# The Long and Lonely Eyre Highway in Australia



## SeaBreeze (Nov 28, 2014)

Read about this very long and straight road in Australia...http://www.amusingplanet.com/2014/11/the-long-and-lonely-eyre-highway-worlds.html


----------



## Kadee (Nov 28, 2014)

I have traveled this road on our way to Perth Western Australia ,. After selling our home in Adelaide in 2004 we traveled many km"s arround Australia with our car and caravan for two years.
It has some spectacular scenery, traveling accross the Nullarbor plains as we call it some say it's boring but that's because they don't take the time to look and travel a little off the main road, we have lots of photos of the area but will have to see if I can post some one day


----------



## SeaBreeze (Nov 28, 2014)

That would be great Kadee, would love to see more pics of that area.


----------



## Falcon (Nov 29, 2014)

Wonder how many fall asleep driving this road. ?

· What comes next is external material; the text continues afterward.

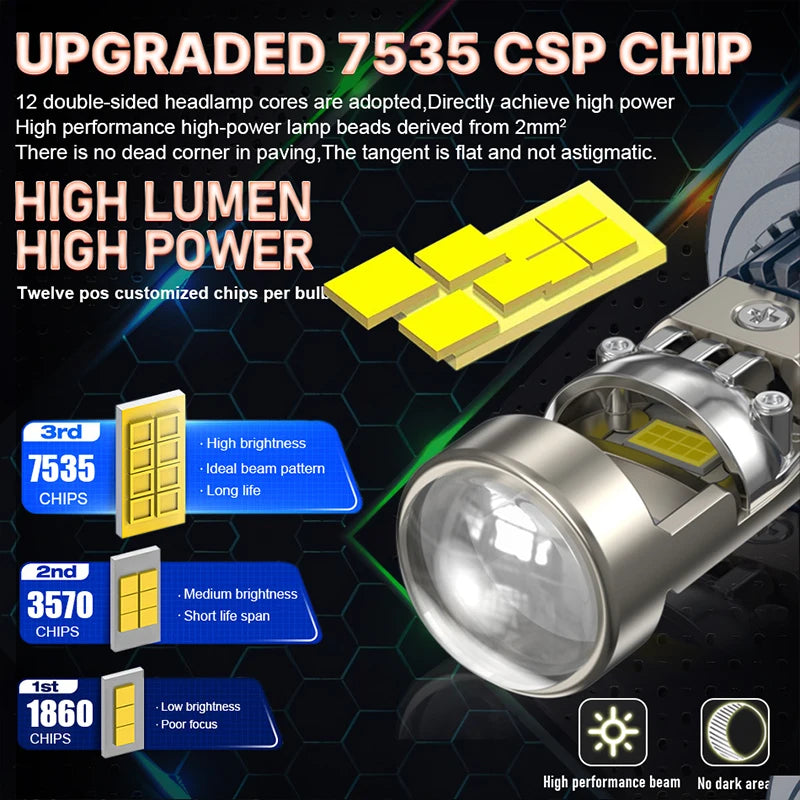 5200W H7 H11 LED Headlight Mini Lens Projector H9 9005 HB3 9006 HB4 H8 5500000LM 1:1 Mini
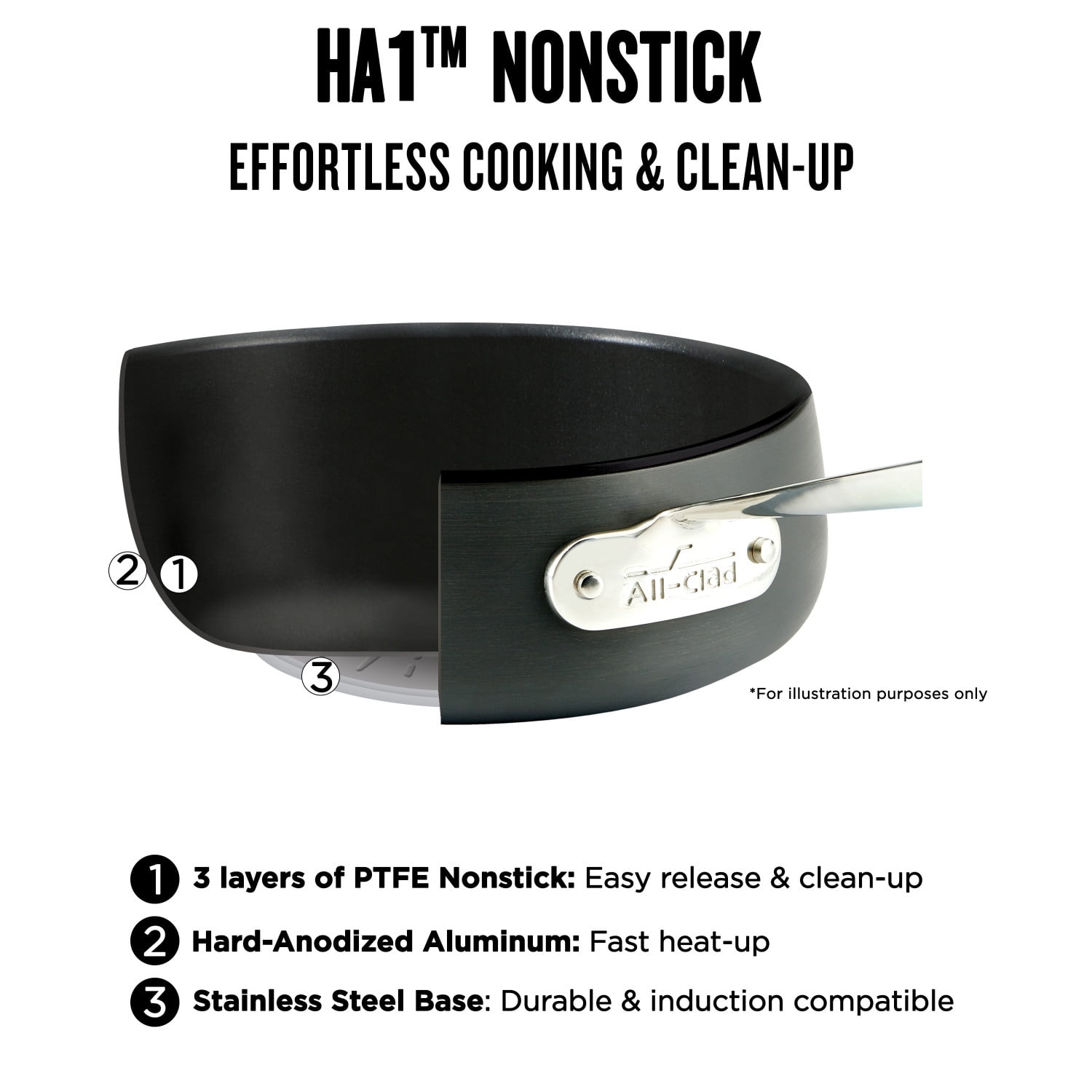 All-Clad HA1 Hard Anodized Nonstick Cookware, Chef's Pan with Lid, 12 inch - Image 8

Great as a runway for airplanes.


----------



## Kadee (Nov 29, 2014)

Falcon said:


> Wonder how many fall asleep driving this road. ?
> 
> Great as a runway for airplanes.


The road is used as a runway for the royal flying doctor in case of accidents or if anyone living in the area gets sick.
The biggest problem with the road is overseas tourists breaking down and not carrying enought water in the summer time it's a very long way in between service stations if you break down.thankfully there is lots of information available at Cuduna before venturing on to to very long trip from South Australia to Perth W.A.


----------



## Kadee (Nov 29, 2014)

SeaBreeze said:


> That would be great Kadee, would love to see more pics of that area.



Not really sure how to put photos from computer to tablet but will try soon


----------